Details obtained by Politico Magazine indicate the bill would also address climate change both by authorizing new “formula-based and discretionary grant programs to begin to reduce transportation-related emissions” and establishing a program “to support projects that will improve the resiliency of roads and bridges to natural disasters and extreme weather events.”
The bill would also codify tenets of the “One Federal Decision” project-streamlining policy, which seeks to eliminate duplication in federal permitting processes and sets a goal of two-years for completing all environmental reviews and authorization decisions for major infrastructure projects
Those tenets align with public remarks made by Sen. John Barrasso, R-Wyo., the committee’s chairman, during a July 10 hearing regarding the reauthorization of the 2015 Fixing America’s Surface Transportation or FAST Act.
“We … are working to pass a five-year highway infrastructure bill to fix our roads, our bridges, and our highways,” Sen. Barrasso said at that hearing.

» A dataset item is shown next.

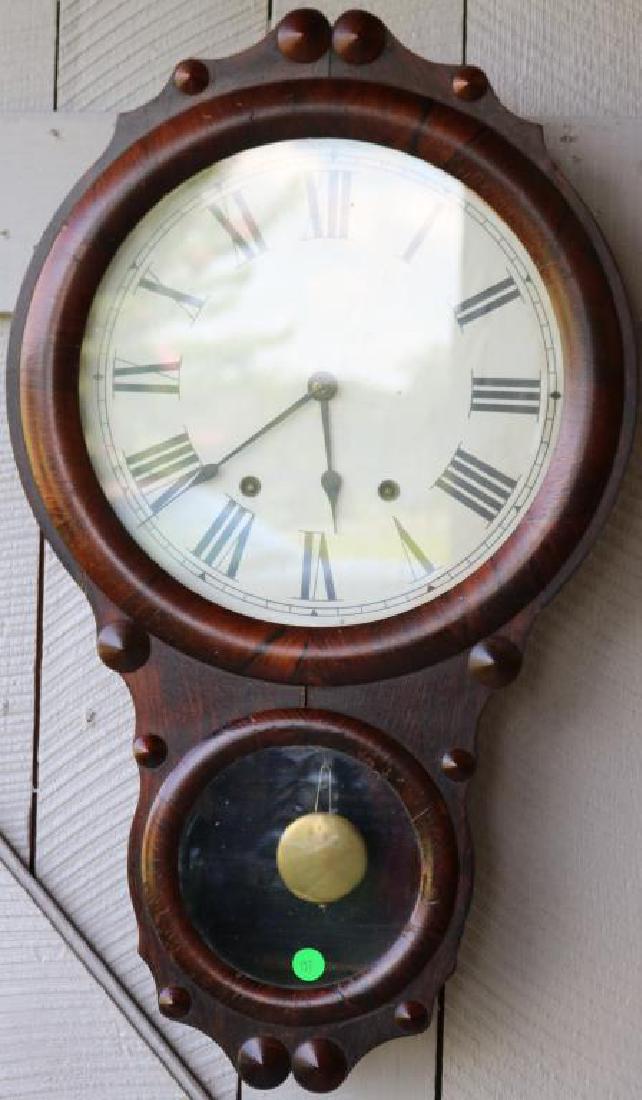 SETH THOMAS ROSEWOOD WALL CLOCK, TIME &: STRIKE, 25"H X 15"W, CURRENT WORKING CONDITION W/KEY & PENDULUM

“That means maintaining each state’s share of highway formula funding [as] formula funding gives each state the flexibility they need to address their specific surface transportation needs,” he added. “Maintaining the federal highway program’s current approach of distributing over 90 percent of the funds to the states by formula is the key to this. It is a proven approach that works for everyone and should be continued.”

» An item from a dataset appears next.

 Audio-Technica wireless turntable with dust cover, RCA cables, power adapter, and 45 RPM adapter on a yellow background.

Carlos Braceras, executive director of the Utah Department of Transportation and 2018-2019 president for the American Association of State Highway and Transportation Officials, also emphasized the importance of making formula-funding – what he described as the “heart and soul” of the Federal-aid highway program – the primary avenue for supporting transportation investments across the country.
“The formula-based program framework built the Interstate Highway System and the National Highway System, the backbone of our national network of roads and bridges that drives our national economy,” Braceras said.
“This remains the optimal approach to underpin the next surface transportation legislation that will serve all corners of our country by improving mobility and quality of life in urban, suburban, and rural areas,” he added. “If we can have long-term predictability, we also get the best value for our investments in transportation projects.”
Those points, among others, are also reiterated in a 32-page report recently released by the American Road & Transportation Builders Association.
“Federal resources consistently support more than half of all annual state highway and bridge capital expenditures,” ARTBA’s report noted. “A dependable and robust [transportation] revenue foundation must be established to support needed improvements to aging and neglected infrastructure facilities … resources complemented and optimized by building on several recent federal policy reforms to advance new regulatory efficiencies, outcome-focused policy structures, and enhanced safety and accountability metrics.”
Recommendations made in ARTBA’s report include:
- Beef up transportation funding via user-fee-based revenues. Options include an increase in the federal motor fuels tax, a one-time federal excise tax on electric vehicle batteries, and a user fee capturing value from freight movement.
- Provide flexibility for states to make key project-level decisions.
- Reform and improve the Transportation Infrastructure & Finance Improvement Act or TIFIA program, lift the cap on Private Activity Bonds for highway projects, and eliminate the federal ban on tolling interstate highways.